Röportajı gerçekleştiren: Ömer Özkizilcik
Q: Ahrar uş Şam’ın Rastan cebinde güçlü bir varlığı bulunduğu bilinmekteydi. O bölgeden tahliye edilen Ahrar uş Şam mensuplarına ne oldu?
A: Sadece Rastan cebi değil. Bütün kuzey Humus kırsalı. Bölgedeki savaşçıların yarısı ve cephe hatların yarısı Ahrar uş Şam tarafından kontrol edilmekteydi. Tahliye edilen savaşçılar şuan kuzey Suriye’deki bütün özgürleştirilmiş bölgelerde bulunmaktadırlar. İdlib’te, Fırat Kalkanı Harekatı ve Zeytin Dalı Harekatı bölgelerinde bulunuyorlar.
Q: Ahrar uş Şam ve Rastan cebindeki bazı diğer gruplar siyasi koruma elde edebilmek için Milli Orduya bağlı 4. Tugay’ı kurdular. Fakat bölge yinede Rusya, İran ve Esed rejimi tarafından saldırıya uğradı ve bölge tamamen rejime teslim edildi. 4. Tugay’ı kurma hamlesi neden istenilen korumayı sağlıyamadı?
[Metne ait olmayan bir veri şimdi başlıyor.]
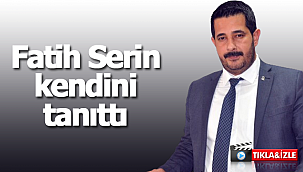 Fatih Serin kendini tanıttı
A: 4. Tugay siyasi koruma elde etmek için kurulmadı. Kurulma sebebi devrimin bulunduğu aşama ve durumuna cevaptır. Devrim sürekli olarak evrilmektedir. Son gelişmeler doğrultusunda ve bölgedeki direnişi güçlendirmek için 4. Tugay’ı kurmuştuk. Diğer bir sebep ise, bu kuruluşun Suriye İslam Alimleri Birliği’nin çağrısıdır, çünkü alimler grupların safları ve gayretlerini Milli Ordu bünyesi altında birleştirmelerini istemişti. Bölgede yaşanan ise Rusya, İran ve rejimin Astana’ya rağmen ‘scoerched earth’ stratejilerinde ısrar edip bölgeyi bombardımana tutmalarıydı. Rusya bizi ve bölgedeki halkı Guta’ya benzer bir sonuç ile tehdit etti. Aslında biz teslim olmadık. Guta bölgesindeki gibi direnmemiz mümkün değildi, çünkü Kuzey Humus kırsalının altyapısı ve coğrafi şartları ile Guta’nınkisi birbirinden çok farklı. Guta, Harasta ve Duma şehirlerdir. Fakat Kuzey Humus kırsalı köylerden oluşmaktadır. Böyle bölgelerde direnemezsiniz. Yukarıda izah etmeye çalıştığım sebepler bölgenin halkı için de ayan beyan ortadaydı ve onlar bizden bu duruma son vermemizi ve Guta benzeri bir sonucu engellememizi istediler. Ayrıca biz güçlerimizi Milli Ordu gibi uluslararası kamuoyu tarafından kabul edilen bir çatı altında toplamak istiyoruz ki Rusya, İran ve diğer düşman devletlerin bölgelerimize saldırmak için bahaneleri azalsın.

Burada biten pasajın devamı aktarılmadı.